§ **Activity**
Look at each line of the records and count those with "Floral" in them. Please answer with the count alone.

Records for the task section start

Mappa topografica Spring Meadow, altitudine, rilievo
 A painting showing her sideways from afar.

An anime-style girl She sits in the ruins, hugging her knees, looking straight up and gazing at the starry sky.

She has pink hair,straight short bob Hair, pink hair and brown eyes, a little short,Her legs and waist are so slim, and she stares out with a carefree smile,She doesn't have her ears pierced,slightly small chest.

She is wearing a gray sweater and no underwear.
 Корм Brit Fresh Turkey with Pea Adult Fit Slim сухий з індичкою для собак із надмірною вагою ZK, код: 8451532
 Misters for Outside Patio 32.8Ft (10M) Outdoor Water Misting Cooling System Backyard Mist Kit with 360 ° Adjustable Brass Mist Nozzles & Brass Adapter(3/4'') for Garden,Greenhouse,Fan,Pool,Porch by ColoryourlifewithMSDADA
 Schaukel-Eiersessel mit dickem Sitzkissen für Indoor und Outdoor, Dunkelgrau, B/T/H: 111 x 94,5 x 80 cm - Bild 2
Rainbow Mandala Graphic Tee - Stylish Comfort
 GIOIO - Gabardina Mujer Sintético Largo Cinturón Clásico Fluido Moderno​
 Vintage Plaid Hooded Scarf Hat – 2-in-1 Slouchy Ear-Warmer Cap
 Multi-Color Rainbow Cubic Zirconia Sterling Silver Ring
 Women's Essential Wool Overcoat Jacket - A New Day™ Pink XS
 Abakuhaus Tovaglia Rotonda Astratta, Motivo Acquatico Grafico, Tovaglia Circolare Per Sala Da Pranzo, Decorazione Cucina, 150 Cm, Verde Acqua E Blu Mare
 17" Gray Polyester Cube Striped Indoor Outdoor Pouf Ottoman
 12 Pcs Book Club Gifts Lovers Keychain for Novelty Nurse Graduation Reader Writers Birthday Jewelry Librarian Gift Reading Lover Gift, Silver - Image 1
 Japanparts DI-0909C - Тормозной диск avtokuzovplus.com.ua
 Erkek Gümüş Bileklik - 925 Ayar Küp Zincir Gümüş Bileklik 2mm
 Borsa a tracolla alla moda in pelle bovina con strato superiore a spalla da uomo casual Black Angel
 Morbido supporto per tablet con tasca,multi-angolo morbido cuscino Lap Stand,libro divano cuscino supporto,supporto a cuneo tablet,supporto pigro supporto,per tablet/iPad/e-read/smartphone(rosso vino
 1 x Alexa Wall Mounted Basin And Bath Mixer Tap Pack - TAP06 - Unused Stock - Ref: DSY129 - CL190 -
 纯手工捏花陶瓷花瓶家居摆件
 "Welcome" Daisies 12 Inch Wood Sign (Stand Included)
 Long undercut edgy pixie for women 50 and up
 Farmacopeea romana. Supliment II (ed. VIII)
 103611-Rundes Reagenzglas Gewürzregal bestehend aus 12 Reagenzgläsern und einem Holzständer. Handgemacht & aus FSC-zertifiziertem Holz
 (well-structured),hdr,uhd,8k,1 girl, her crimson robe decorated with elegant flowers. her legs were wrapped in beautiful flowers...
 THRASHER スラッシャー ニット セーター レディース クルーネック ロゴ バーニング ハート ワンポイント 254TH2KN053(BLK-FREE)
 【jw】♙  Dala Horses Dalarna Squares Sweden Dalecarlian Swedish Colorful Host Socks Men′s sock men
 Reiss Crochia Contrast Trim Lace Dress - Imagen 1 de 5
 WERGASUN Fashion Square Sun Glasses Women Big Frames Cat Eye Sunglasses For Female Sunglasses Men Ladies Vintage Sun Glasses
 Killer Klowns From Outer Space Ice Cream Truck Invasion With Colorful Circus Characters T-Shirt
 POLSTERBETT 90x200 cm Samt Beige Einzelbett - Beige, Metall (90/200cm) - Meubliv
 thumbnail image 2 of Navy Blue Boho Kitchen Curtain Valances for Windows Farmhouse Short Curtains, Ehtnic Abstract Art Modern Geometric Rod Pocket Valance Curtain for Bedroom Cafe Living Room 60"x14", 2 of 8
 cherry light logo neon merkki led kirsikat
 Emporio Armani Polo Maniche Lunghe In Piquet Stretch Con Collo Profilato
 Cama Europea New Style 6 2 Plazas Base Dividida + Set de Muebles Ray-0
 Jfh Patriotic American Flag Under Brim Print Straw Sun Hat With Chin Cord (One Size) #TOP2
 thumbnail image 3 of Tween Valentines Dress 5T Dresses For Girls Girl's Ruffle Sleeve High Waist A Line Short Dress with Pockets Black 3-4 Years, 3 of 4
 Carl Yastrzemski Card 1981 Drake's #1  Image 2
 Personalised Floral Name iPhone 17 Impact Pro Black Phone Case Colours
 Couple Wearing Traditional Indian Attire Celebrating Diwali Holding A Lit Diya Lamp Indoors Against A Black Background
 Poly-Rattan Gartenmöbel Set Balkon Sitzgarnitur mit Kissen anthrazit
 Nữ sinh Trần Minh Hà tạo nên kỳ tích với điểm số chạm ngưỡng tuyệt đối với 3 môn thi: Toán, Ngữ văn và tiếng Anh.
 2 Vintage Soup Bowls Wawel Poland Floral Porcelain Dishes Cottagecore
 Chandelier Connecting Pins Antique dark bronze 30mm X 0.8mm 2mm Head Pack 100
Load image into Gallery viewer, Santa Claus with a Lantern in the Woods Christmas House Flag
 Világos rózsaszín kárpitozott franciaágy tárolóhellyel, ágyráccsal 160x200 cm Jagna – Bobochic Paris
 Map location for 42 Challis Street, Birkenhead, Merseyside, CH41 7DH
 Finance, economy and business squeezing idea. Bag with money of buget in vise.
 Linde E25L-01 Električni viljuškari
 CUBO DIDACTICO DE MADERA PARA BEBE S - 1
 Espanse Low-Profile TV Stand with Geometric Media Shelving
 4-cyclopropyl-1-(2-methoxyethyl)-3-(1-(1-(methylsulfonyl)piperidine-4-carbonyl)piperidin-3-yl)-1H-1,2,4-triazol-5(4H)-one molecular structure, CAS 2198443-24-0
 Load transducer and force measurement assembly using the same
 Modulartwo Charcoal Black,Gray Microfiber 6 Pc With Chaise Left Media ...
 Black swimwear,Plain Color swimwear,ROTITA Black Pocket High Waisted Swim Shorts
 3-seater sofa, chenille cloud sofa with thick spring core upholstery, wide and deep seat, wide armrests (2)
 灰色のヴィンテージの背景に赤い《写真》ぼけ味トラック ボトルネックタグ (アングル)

Records for the task section end

§ **Task output**
2